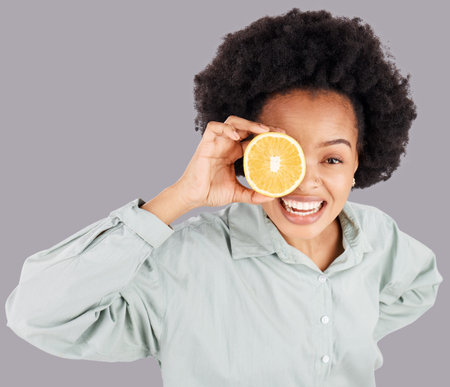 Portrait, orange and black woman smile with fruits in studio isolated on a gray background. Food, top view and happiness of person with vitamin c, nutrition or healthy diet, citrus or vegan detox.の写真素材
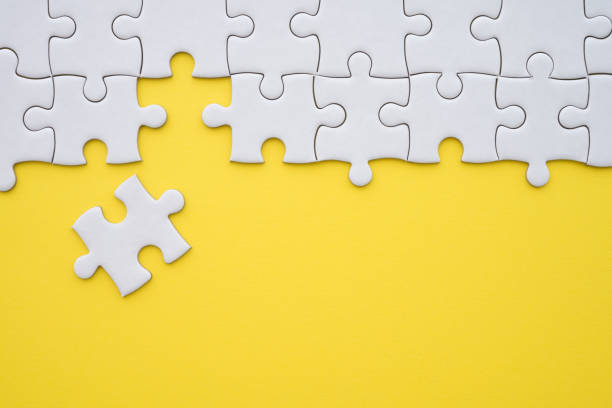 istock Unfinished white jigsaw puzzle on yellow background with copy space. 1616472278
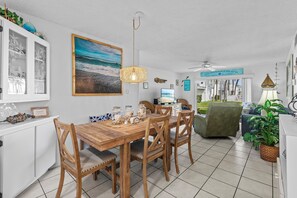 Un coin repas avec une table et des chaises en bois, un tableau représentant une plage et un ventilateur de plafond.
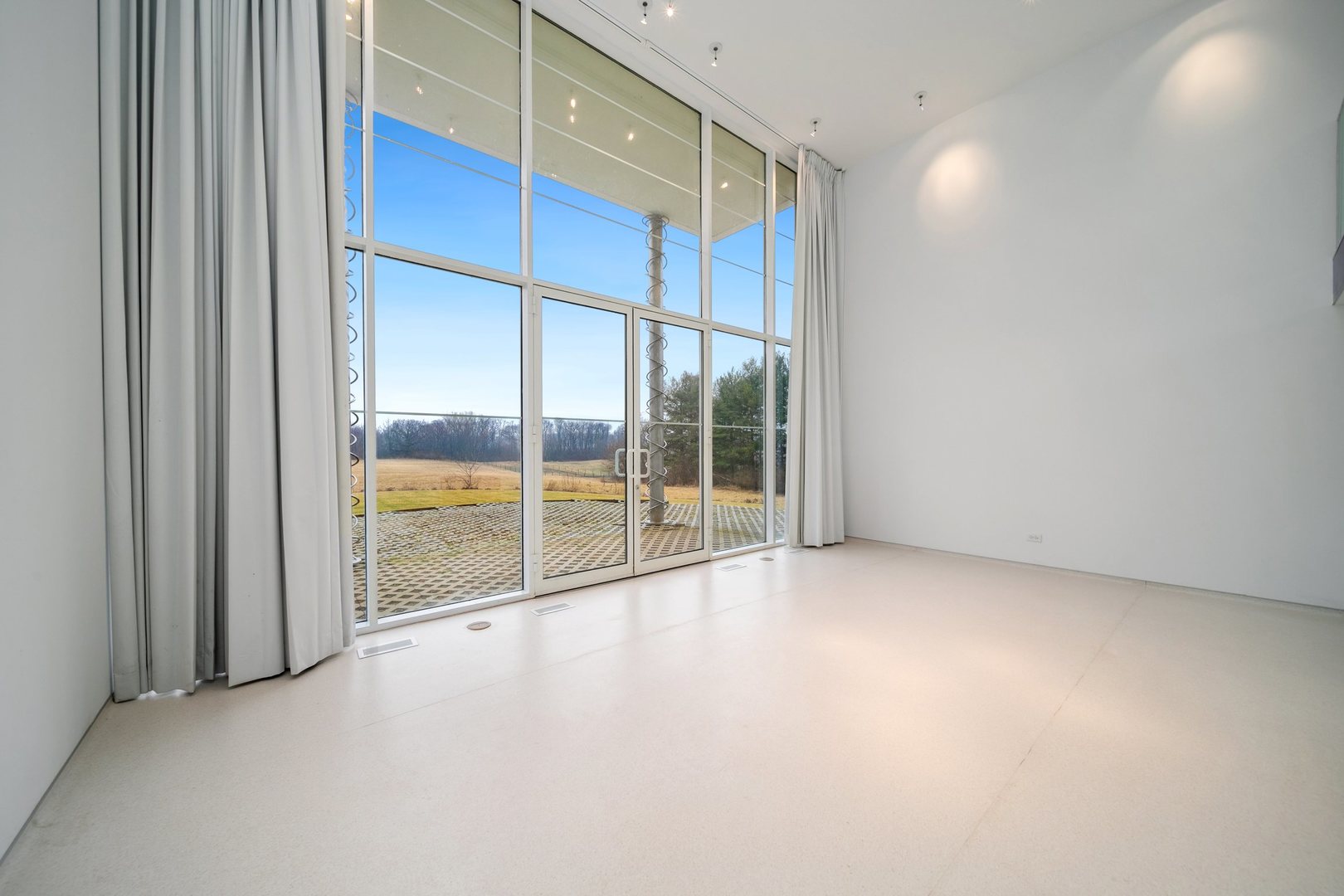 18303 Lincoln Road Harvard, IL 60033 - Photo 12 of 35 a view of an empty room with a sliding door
* * *
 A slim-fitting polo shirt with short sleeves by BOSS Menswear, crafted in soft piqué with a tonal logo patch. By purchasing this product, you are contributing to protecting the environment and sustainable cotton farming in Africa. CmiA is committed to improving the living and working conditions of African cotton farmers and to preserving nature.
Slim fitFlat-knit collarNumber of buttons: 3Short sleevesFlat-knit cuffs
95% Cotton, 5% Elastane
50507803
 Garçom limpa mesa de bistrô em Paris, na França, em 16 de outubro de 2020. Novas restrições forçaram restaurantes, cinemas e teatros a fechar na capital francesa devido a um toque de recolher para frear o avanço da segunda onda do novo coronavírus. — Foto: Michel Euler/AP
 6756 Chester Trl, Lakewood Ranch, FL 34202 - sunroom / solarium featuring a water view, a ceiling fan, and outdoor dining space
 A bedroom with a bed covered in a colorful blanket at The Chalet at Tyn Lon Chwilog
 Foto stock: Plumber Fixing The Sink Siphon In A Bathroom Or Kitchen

• Task brief
Retype exactly the lines above, from the one with "A bedroom with" through the one with "Foto stock: Plumber", inclusive.

• Answer space
 A bedroom with a bed covered in a colorful blanket at The Chalet at Tyn Lon Chwilog
 Foto stock: Plumber Fixing The Sink Siphon In A Bathroom Or Kitchen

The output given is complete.